(Not directed at you) Color science is a real field, CAM16 addresses all of the ideas and complaints that anyone could have, and yet, because it's 400 lines of code, we are robbed of principled, grounded, color. Instead people reach for the grab bag of simple algorithmic tricks
Here's some complaints that better color scientists than me have had about CAM16:
> Bad numerical behavior, it is not scale invariant and blending does not behave well because of its compression of chroma. Hue uniformity is decent, but other models predict it more accurately.
https://bottosson.github.io/posts/oklab/
Here's more:
> Although CAM16-UCS offers good overall perceptual uniformity it does not preserve hue linearity, particularly in the blue hue region, and is computationally expensive compared with almost all other available models. In addition, none of the above mentioned color spaces were explicitly developed for high dynamic range applications.
https://opg.optica.org/oe/fulltext.cfm?uri=oe-25-13-15131
Color is hard.
It spells out a CAM16 approximation via 2 matmuls, and you are using as an example of how CAM16 could be improved.
The article, and Oklab, is not by a color scientist. He is/was a video game developer taking some time between jobs to do something on a lark.
He makes several category errors in that article, such as swapping in "CAM16-UCS" for "CAM16", and most importantly, he blends polar opposite hues in cartesian coordinates (blue and yellow), and uses the fact this ends up in the center (gray) as the core evidence for not liking CAM16 so much.
> better color scientists than me
Are you a color scientist?!
A statement this emphatic and absolute can't possibly be true.
Here's a concrete complaint that I have with CAM16: the unique hues and hue spacing it defines for its concept of hue quadrature and hue composition are nontrivially different than the ones in CIECAM02 or CIECAM97s, but those changes are not justified or explained anywhere, because the change was just an accidental oversight. (The previous models' unique hues were chosen carefully based on psychometric data.)

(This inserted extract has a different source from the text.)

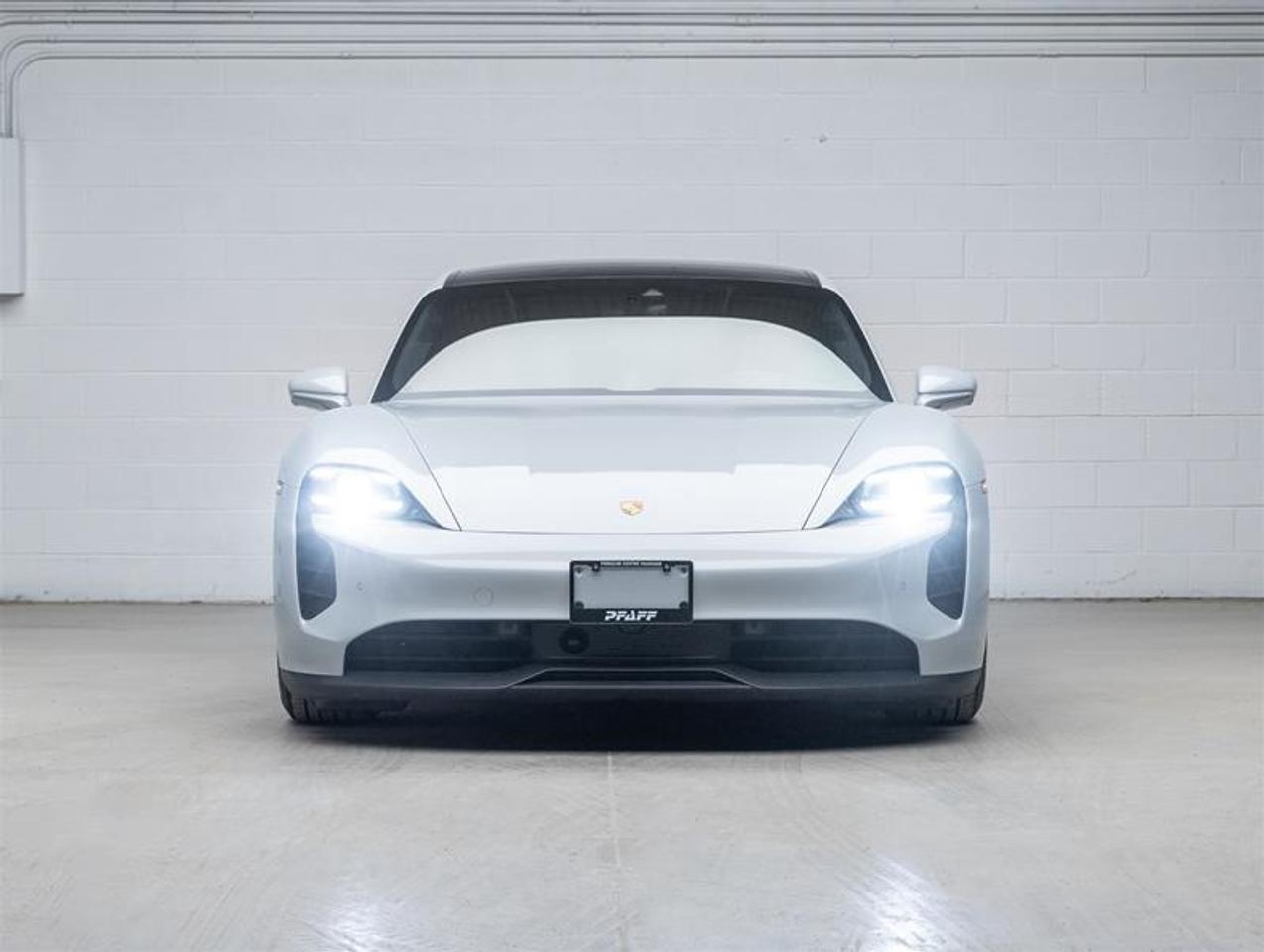 2024 Porsche Taycan  Photo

> because it's 400 lines of code, we are robbed
It's not really surprising that people reach for math which is computationally cheap when they need to do something to every pixel which appears in a large video file or is sent to a computer's display.
Give me some images and the kinds of transforms each color space is good at, and let me pick one, already implemented in a library in a couple different languages.
What's the best color space if I want pretty gradients between 2 arbitrary colors?
What's the best color space if want 16 maximally perceptually unique colors?
What color space do I use for a heat map image?
What color space do I use if I want to pick k-means colors from an image or down sample an image to 6 colors?